To paraphrase the person, “this turned out to be a tongue-in-cheek remark, but it isn’t far from the truth”. This person is a maintainer of a major Linux distribution. He has sufficient knowledge and credibility to be worth trusting, but please post a correction if we are wrong. I requested some references, which he kindly provided:

Here’s some historical references:

http://www.theregister.co.uk/2002/02/01/gnome_to_be_based/

http://linuxplanet.com/linuxplanet/reviews/6232/1/

As a test, install Fedora 7 using the defaults, then (post-install) try to remove the gtk-sharp and mono-core packages. Chaos ensues. It rips out half the system.

And this on a distro where the original maintainers *swore* they would never let mono enter the tree.

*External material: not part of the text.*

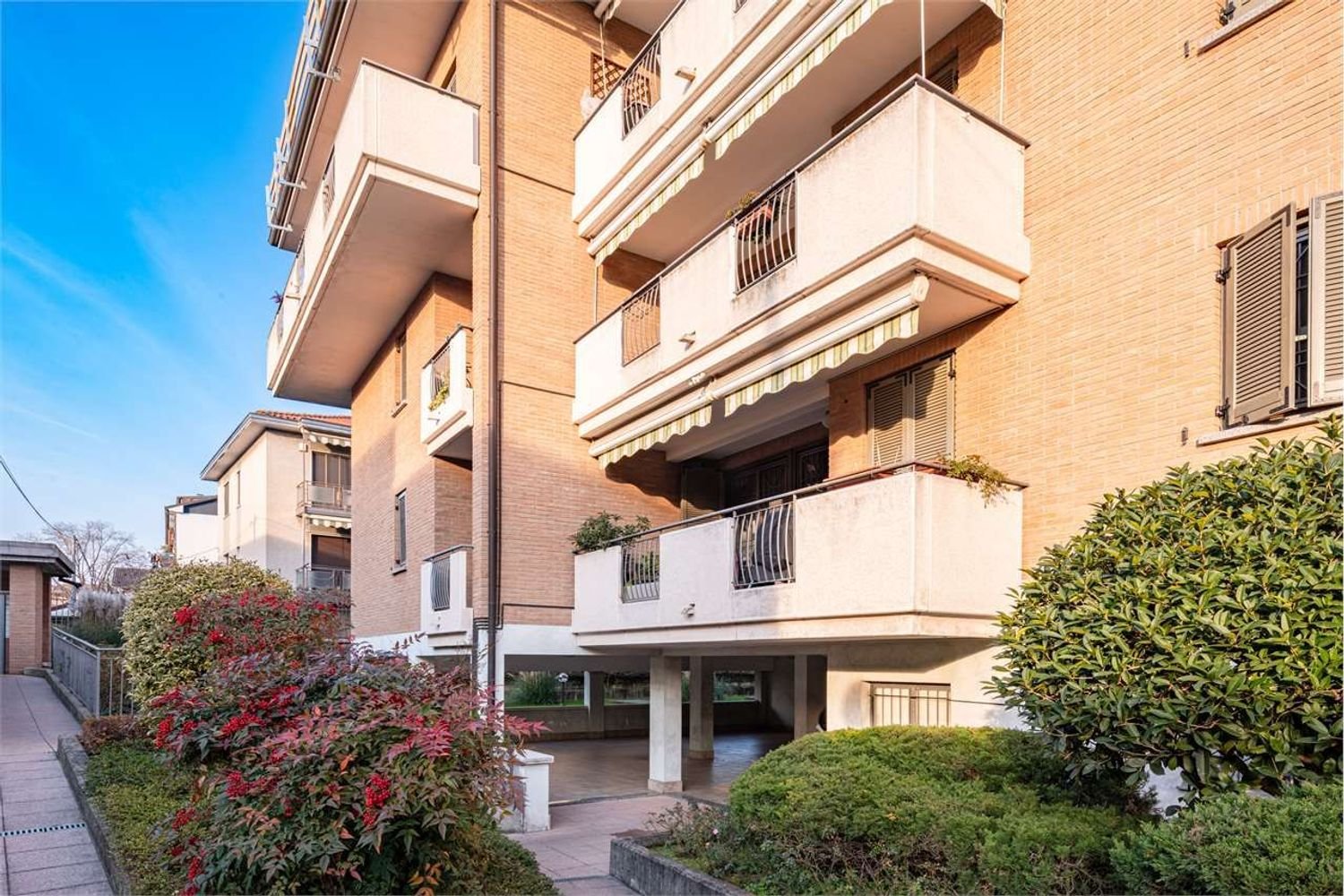 2غرفة شقة في Nova Milanese, Italy رقم 65254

Now it is poisoned beyond repair.

It’s only a matter of time before the Gnome core libs will be mono dependant, I’d stake my life of that fact. I’m ready to ditch Gnome permanently.

I decided to make the person aware of Novell’s big plans for .NET (Mono). To this, the reply was:

God help them.

I think one can safely assume that Novell are now working almost exclusively to Microsoft’s agenda. If it comes from Novell, it is irreparably tainted.

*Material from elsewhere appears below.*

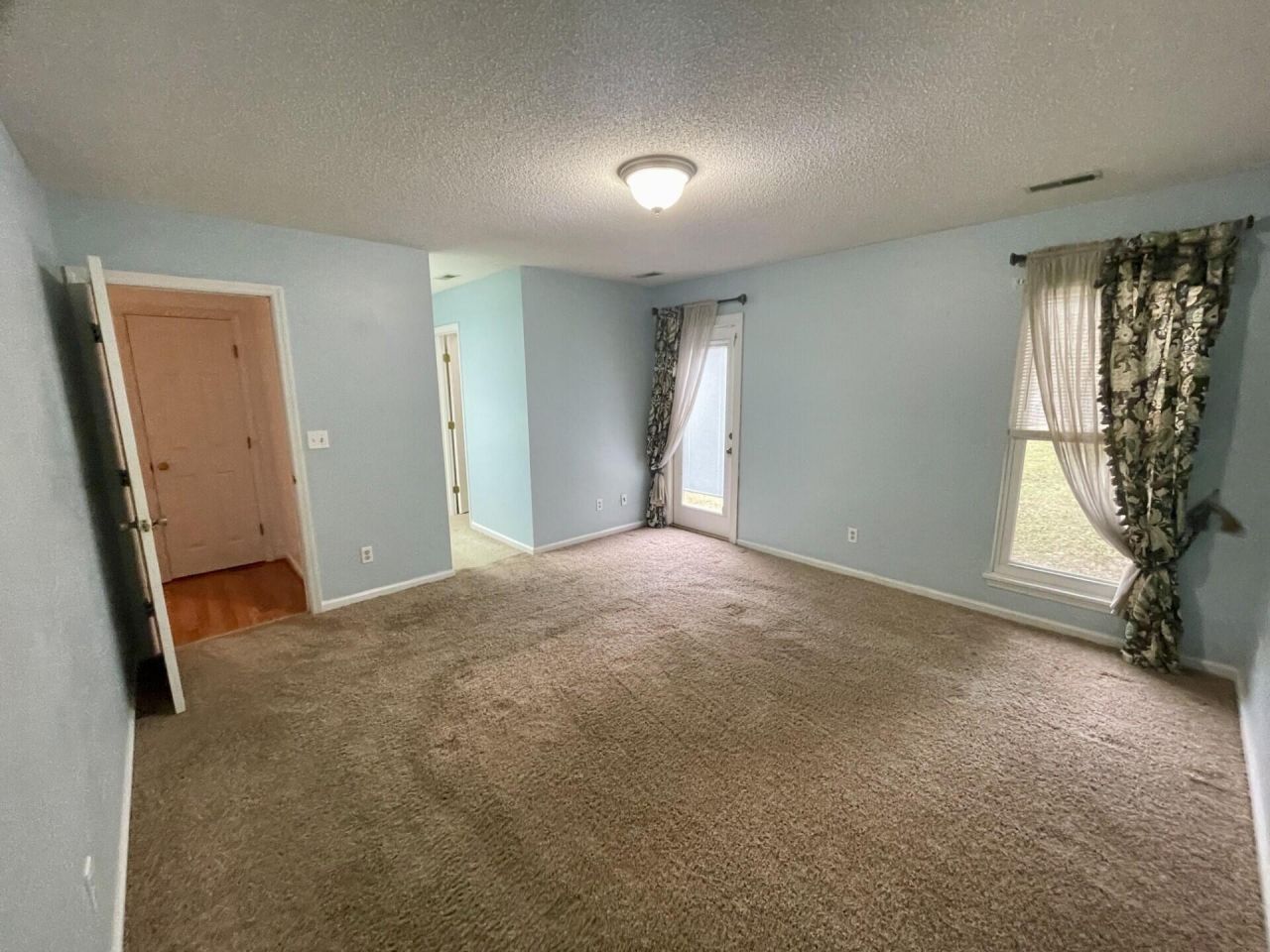 219 Gloria Street Photo 16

I wish to believe that GNOME developers will not be persuaded or lured into more Mono dependencies. Other distributions use GNOME. KDE received some Mono bindings a couple of weeks ago, but there has never been any of this at the core, let alone in the build.

Surely, the patent system in the United States has gone completely out of hand. While centralization of .NET control remains an important factor, let the insane court battles teach you a lesson. At the end of last week we saw two important rulings. The first one was a dismissal of an appeal. It is a very serious case that involves a ban.

A U.S. appeals court on Friday dismissed Qualcomm’s appeal of an order by a federal trade agency banning some cellular telephones containing Qualcomm chips.

The U.S. Court of Appeals for the Federal Circuit said it lacked jurisdiction over an order by the U.S. International Trade Commission because Qualcomm has a request pending before the Bush administration asking it to invalidate the decision.

“An ITC determination does not become final for purposes of judicial review until the president has either approved of the determination or failed to disapprove within 60 days,” the court said.

The second case speaks about a defeat where obviousness could not be refuted.

In its third opinion of the day designated precedential, the Board of Patent Appeals and Interferences once again affirmed an examiner’s obviousness rejections. Specifically, the Board found that Appellant’s apparatus incorporating bioauthentication and a consumer electronics device was an obvious solution to a known problem, as all elements of the claims other than the bioauthentication device were found in one prior art reference, a second reference disclosed the bioauthentication devices in a related context, and a third disclosed that they could be substituted for each other. The BPAI appears to have fully embraced its new “flexibility” in determining obviousness in light of the Supreme Court’s recent decision in KSR.

At times when patent madness thrives in the United States, one must keep an eye open. GPLv3 is needed here, or at least eradication of absurdly-patented ideas. Please refrain from contaminating GNOME with Microsoft-patented technology.